Some publishers’ podcast teams are still growing as they hedge their bets on the medium in 2023: 

  • It’s been a cold winter in the media industry with many companies announcing layoffs and hiring slowdowns. 
  • But companies like iHeartMedia, Tenderfoot TV, The New York Times and The Wall Street Journal are expanding their podcast teams as they believe the medium can grow, even in a dark time.

Read more about how publishers are growing their podcast teams here.

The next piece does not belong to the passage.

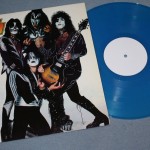 KISS - DIAMONDS IN THE DUST - LIVE IN USA 1976 (colour blue) - 
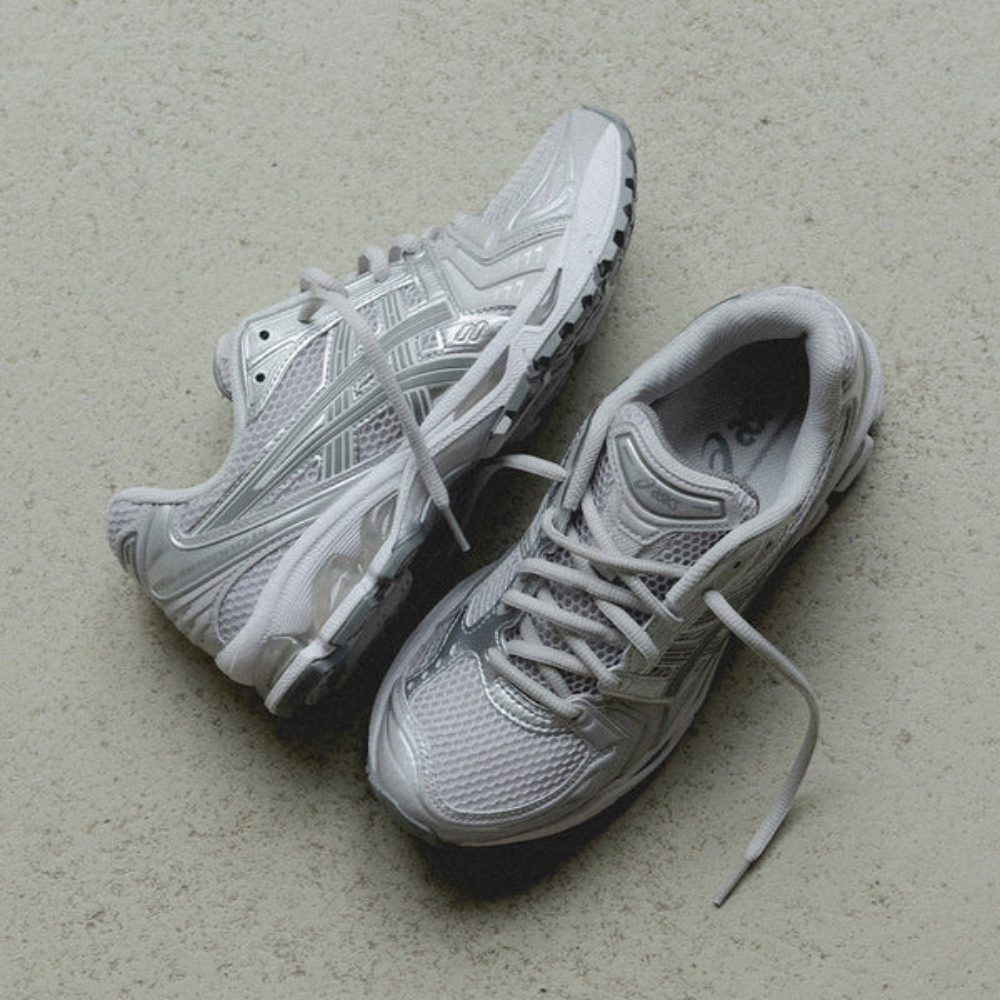 gel sneakers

Digiday+ Research: Publishers see a big drop-off in optimism for 2023:

  • Cost-cutting is in full swing, fewer publishers are adding staff — the media industry doesn’t exactly have an optimistic vibe at the moment.
  • This tracks with a recent Digiday+ Research survey of 71 publisher professionals, which found that optimism has really taken a hit in the media industry over the last year

Read more about publishers’ waning optimism here.

What we’re reading

CNN considers comedy: 

A comedian may be the new host of CNN’s primetime 9 p.m. to 11 p.m. slot, according to Semafor. The network is considering a nontraditional approach to news, which includes having it reported in a comedic, talk show style by a comedian like Bill Maher, Trevor Noah, Arsenio Hall or Jon Stewart. 

Robinhood is getting into the media business:

Trading platform Robinhood announced it’s launching an independent media brand called Sherwood, according to Axios. Media entrepreneur Joshua Topolsky, who founded the now-shuttered The Outline as well as co-founded the Vox Media-owned The Verge, will lead this new media venture. The launch will extend upon Robinhood’s daily markets newsletter, Snacks, as well as act as a branding and customer acquisition tool.

CNET’s new AI-written articles include errors:  

CNET quietly started publishing articles written by an AI engine around November last year, using the byline “CNET Money Staff.” According to Futurism, however, the AI has made errors that were then published on the site. 

Morning Brew’s future focus is on short-form video:

The Axel Springer-owned publisher Morning Brew announced it bought audio and video company Our Future, which produces short-form business content on platforms, reported Adweek. The financial details of the deal were not shared.

CoinDesk’s latest scoop is its own parent company’s financial troubles:

CoinDesk’s scoop on FTX’s sister company Alameda Research being on shaky financial foundation led to a cascade of problems for FTX, resulting in it filing for bankruptcy a week later. Now CoinDesk’s parent company, venture capital firm Digital Currency Group, is facing its own financial troubles and questions about its operations as part of the broader fallout in the crypto industry, according to The New York Times.